The bill would add a new section to the City Charter that would require certain applications which trigger the city’s public land use review process, known as ULURP (Uniform Land Use Review Procedure), to include a racial disparity report examining things like neighborhood demographics and displacement trends. It would apply to both private and public projects—including city-initiated rezonings—that span a minimum of four adjacent blocks of property, or where the proposed land use action would increase floor area ratio by at least 50,000 square feet or alter the site’s zoning by at least the same amount. The report’s findings would be distributed to the councilmember whose district the project is located in, the public advocate’s office and the City Council speaker, as well as posted online for the public.

According to the bill, the racial disparity report would need to examine a number of existing socio-economic demographics within a half-mile radius of the project area, looking at things like existing housing conditions, the number of rent-stabilized or rent-regulated units, rent burdened households (which pay more than 30 percent of their income towards rent), median rents in the neighborhood, as well as home prices and eviction rates. It would need to include neighborhood education levels and household incomes, and the applicant would also be required to outline racial, ethnic and socio-economic trends in the area for every five years during the 20-year period before the application was filed.

Proposed residential developments would have to show projected rent amounts for all units, along with an analysis of household incomes needed to afford those units without causing tenants to be rent-burdened. The report for proposed commercial projects would need to include projected industry sectors and occupations, the projected number of jobs and median wage levels for those jobs, as well as analyze the racial and ethnic makeup of those industries.

Lastly, the report would have to identify measures the applicant would use to mitigate any disparities or risk of neighborhood displacement the project might bring, such as the city’s program to target landlords with a history of tenant harassment, the Right to Counsel program or workforce development initiatives.

“The way in which land is rezoned in this city has subsequently made it difficult for many New Yorkers to find a home, let alone stay in their homes,” Public Advocate Williams said during a City Council hearing on the bill last week. “The rezoning process coupled with the [Mandatory Inclusionary Housing program], as it is currently drafted, has led to massive gentrification, exclusion and displacement across this city because the process does not take into account the potential effects land use could have on the racial makeup of a neighborhoods.”

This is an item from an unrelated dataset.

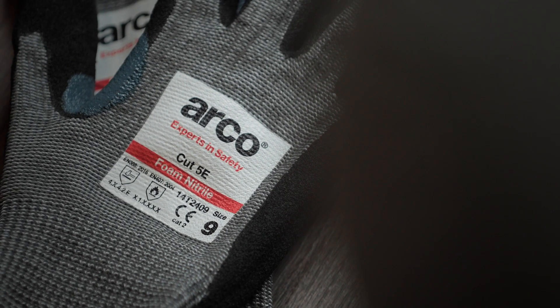We recommend that this EN ISO 13997 result is always used when selecting gloves for medium or high cut risk environments.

The bill is just one example of the ways elected officials are calling for the city to reassess its land use and city planning decisions through the lens of equity. In December, Speaker Corey Johnson introduced citywide comprehensive planning legislation which would center the use of the city’s budget, land use and policy tools around racial and socio-economic justice. It would require the city to produce a 10-year comprehensive plan—assessing short and long-term risks, economic and racial disparities, infrastructure needs and the impacts of development and investment decisions within the five boroughs—and requiring new projects to align with the goals of that plan.

Typically during a public or private rezoning or large development project, the city or the applicant must do an environmental review to assess the impact a proposal may have in the surrounding area. The environmental impact statement (EIS), a detailed document produced after the environmental review, does not factor in the impact on race or ethnicities within a neighborhood. Housing advocacy groups such as the Pratt Center for Development have argued the process is flawed because it overlooks the effects of development on residential displacement.

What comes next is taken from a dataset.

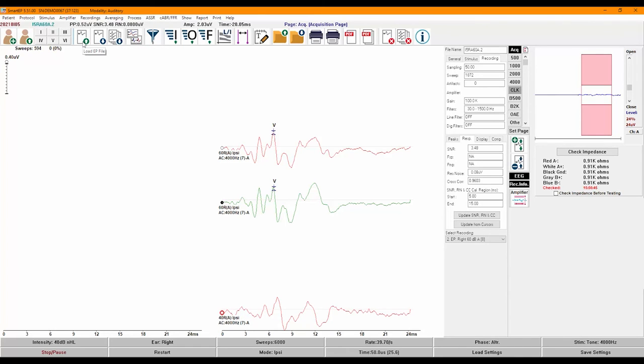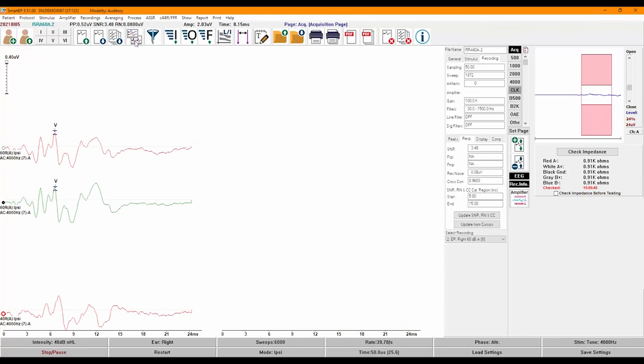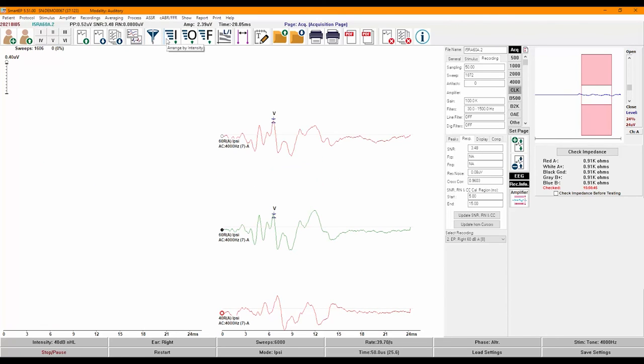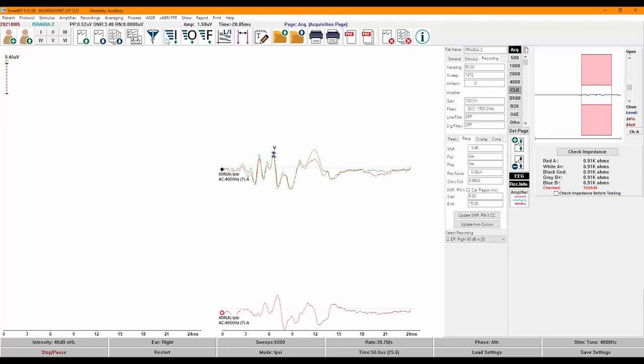The next icon allows you to load a recording, save a single recording, or save multiple recordings. All recordings are automatically saved upon completion, but these buttons allow you to manually save recordings that have been manipulated. Next, we have an option to toggle between a split page and a full page display. The next button allows you to apply a filter to the recording, such as a smoothing filter. The I, O, and F buttons allow you to quickly arrange recordings by intensity (I), order of acquisition (O), or frequency (F). Clicking on I will overlap recordings that have the same intensity. You can also arrange recordings by rate by typing the R key.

Fears about community displacement have been especially prominent in the public debate over city rezonings, many of which have been met with fierce resistance –– and some, with lawsuits –– from the neighborhoods where they’ve been proposed. Since 2015, the de Blasio administration has approved seven rezonings: East New York, Downtown Far Rockaway, East Harlem, Jerome Avenue, Inwood and Bay Street in Staten Island. Over the past year, efforts to rezone parts of Southern Boulevard in the Bronx and Bushwick fell apart.

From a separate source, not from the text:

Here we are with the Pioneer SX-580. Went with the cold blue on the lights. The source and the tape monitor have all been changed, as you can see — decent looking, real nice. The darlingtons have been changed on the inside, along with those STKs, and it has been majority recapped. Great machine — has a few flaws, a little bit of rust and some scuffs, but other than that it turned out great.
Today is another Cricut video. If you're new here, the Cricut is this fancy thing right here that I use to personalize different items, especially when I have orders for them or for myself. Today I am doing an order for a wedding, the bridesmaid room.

During the virtual hearing about the racial impact legislation last week, Department of City Planning (DCP)  Executive Director Anita Laremont acknowledged the contention that has emerged over city rezonings, but cautioned against tying those rezonings and new construction with changes in demographics and displacement. “New York City’s diverse residents move and the composition of neighborhoods change over time because of a variety of factors in ways that cannot be forecasted with accuracy,” she said.

Councilmember Salamanca asked whether the city has looked back at rezonings after they were approved to see if patterns of displacement emerged.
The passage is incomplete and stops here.